RESULTS: the results obtained for the resistance and pulsatility indices revealed a 2nd-degree equation, representing a parabola whose values for the resistance index were 0.81 during the 22nd week and 0.75 during the 38th week. The pulsatility index was 1.59 during the 22nd week and 1.45 during the 38th week. Maximum systolic velocity increased progressively along pregnancy, with values of 26.3 cm/s during the 22nd week and 57.7 cm/s during the 38th week. Final diastolic velocity increased progressively from the 26th week (5.21 cm/s) to term (14.6 cm/s). Acceleration time increased significantly only between 26 and 30 weeks, with values of 0.04 s during the 26th week and 0.05 s during the 30th week.

CONCLUSION: it was concluded that the evolution of the resistance and pulsatility indices and of maximum systolic velocity were similar to those of most studies described in the literature. Acceleration time presented few modifications during the evaluated gestational weeks.

Keywords: Middle cerebral artery. Ultrasonography. Doppler velocimetry. Normal pregnancy.

Introdução

A ultra-sonografia com Doppler tem sido um dos métodos propedêuticos mais utilizados na avaliação fetal. A evolução tecnológica trouxe consigo o desenvolvimento de aparelhos ultra-sonográficos sofisticados, que permitiram a obtenção de sonogramas Doppler capazes de reproduzir as modificações hemodinâmicas dos vasos maternos e fetais em face de fatores que venham comprometer o binômio materno-fetal.

Vários vasos têm sido estudados para avaliar a hemodinâmica fetal e dentre os principais merecem destaque as artérias cerebrais, umbilicais, aorta torácica e abdominal e os compartimentos venosos, quais sejam, a veia umbilical, o ducto venoso e a veia cava inferior. A artéria cerebral média é vaso de grande importância, por irrigar grande parte do território cerebral, sendo sua origem na artéria carótida interna. É responsável pelo fluxo sangüíneo da região cortical e subcortical, incluindo o córtex ao nível da fissura de Sylvius e áreas mais profundas como o putâmen e o globo pálido1.

Nas avaliações ultra-sonográficas do território vascular cerebral fetal com uso da técnica Doppler, a artéria cerebral média é o principal vaso estudado. Apresenta a vantagem de ser encontrado facilmente durante o exame ultra-sonográfico2 e, devido a sua localização anatômica, permite a obtenção de ângulos adequados entre o feixe sonoro e o vaso avaliado, obtendo-se, desta forma, sonogramas sem artefatos3,4.

Vários autores preocupam-se com a construção de curvas de normalidade dos índices Doppler da artéria cerebral média, procurando contribuir com o estudo hemodinâmico do feto e suas repercussões diante de doenças que venham comprometer o bem-estar fetal.
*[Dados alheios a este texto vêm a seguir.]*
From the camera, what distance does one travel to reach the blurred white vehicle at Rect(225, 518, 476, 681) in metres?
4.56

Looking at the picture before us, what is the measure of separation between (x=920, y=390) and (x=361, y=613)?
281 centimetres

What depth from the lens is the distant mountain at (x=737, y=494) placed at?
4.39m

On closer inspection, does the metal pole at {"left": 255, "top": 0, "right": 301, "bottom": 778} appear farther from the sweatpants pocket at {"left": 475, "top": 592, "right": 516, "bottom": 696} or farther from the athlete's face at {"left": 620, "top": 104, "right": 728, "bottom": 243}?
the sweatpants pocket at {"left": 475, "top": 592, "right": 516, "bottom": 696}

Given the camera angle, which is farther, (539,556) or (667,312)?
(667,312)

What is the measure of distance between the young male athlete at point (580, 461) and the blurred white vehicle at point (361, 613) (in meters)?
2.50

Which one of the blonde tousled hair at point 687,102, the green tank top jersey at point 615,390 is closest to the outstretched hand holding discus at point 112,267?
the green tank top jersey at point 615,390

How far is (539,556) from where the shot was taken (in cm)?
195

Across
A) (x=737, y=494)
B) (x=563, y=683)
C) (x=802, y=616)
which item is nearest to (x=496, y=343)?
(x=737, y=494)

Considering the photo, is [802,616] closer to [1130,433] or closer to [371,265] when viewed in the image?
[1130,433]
Neste contexto estão incluídos o estudo longitudinal de Åström et al.5, sobre os índices de pulsatilidade, resistência e relação sístole/diástole da artéria cerebral média; os estudos transversais sobre o índice de pulsatilidade de Arduine e Rizzo6 e Mari e Deter7, e o estudo transversal de Kurmanavicius et al.8 sobre a velocidade média deste vaso fetal entre a 19a e a 40a semana de gestação.

No entanto, observa-se que estes diferem entre si, principalmente pelo tipo de estudo e parâmetros Doppler avaliados. Assim sendo, o estudo de Åström et al.5 teve a característica de ser longitudinal, porém não foi incluída a avaliação da velocidade sistólica máxima. O estudo transversal de Arduine e Rizzo6 envolveu 1556 pacientes, mas o único parâmetro avaliado foi o índice de pulsatilidade.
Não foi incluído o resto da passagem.